STUTTGART. Das Thema Homosexualität im Unterricht treibt die Menschen auf die Straße. Auf der einen Seite warnen sie vor «Gender-Wahn» der Landesregierung. Die andere Seite baut auf Aufklärung.
Sie steht mit einem Plakat auf dem Schlossplatz, er mit einer Regenbogenflagge auf dem Markt. Sie sieht die Familie als Kern der Gesellschaft bedroht, er möchte Normalität für Homosexuelle. Beide gehen an diesem Samstagmittag auf die Straße, um ihre Meinung zum grün-roten Bildungsplan kundzutun. Die geplante Aufwertung des Themas sexuelle Vielfalt im Unterricht an Baden-Württembergs Schulen bewegt die Menschen. Die Extremsten auf beiden Seiten müssen später sogar von Polizisten auf Pferden auseinandergehalten werden. Stuttgart ist wieder Demostadt.

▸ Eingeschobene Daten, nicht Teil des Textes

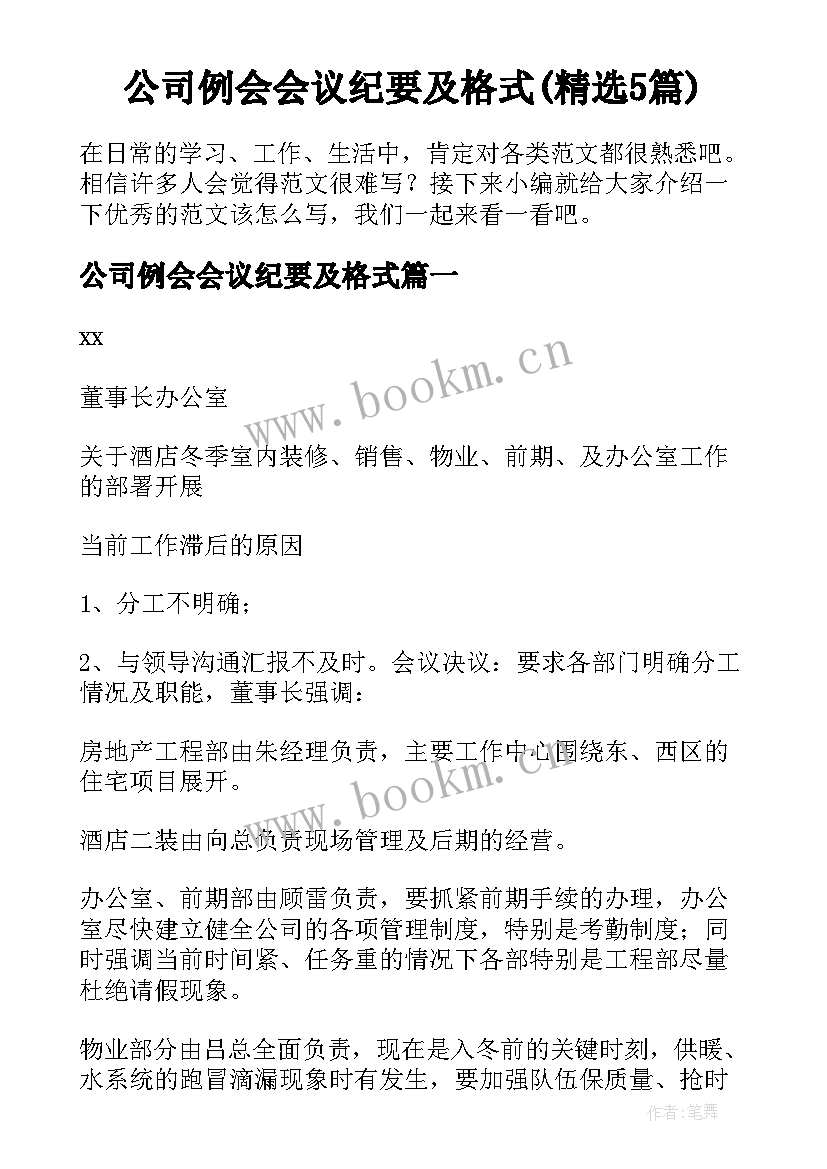 公司例会会议纪要及格式(精选5篇)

Sie ist Mutter von drei Kindern. Ihren Namen möchte die Stuttgarterin nicht nennen. Ein Transparent hat sie gestaltet. «Nein zur Bevormundung von Eltern» steht drauf. Der Bildungsplan der grün-roten Landesregierung sei nicht ausgewogen, diskriminiere einseitig die Familie. «Dabei ist die doch der Kern unserer Gesellschaft.» Auf der Bühne hinter ihr, fordert gerade jemand, «dass die Eltern die Kinder erziehen und nicht der Staat». Auf Transparenten steht «Biologie statt Gender-Wahn».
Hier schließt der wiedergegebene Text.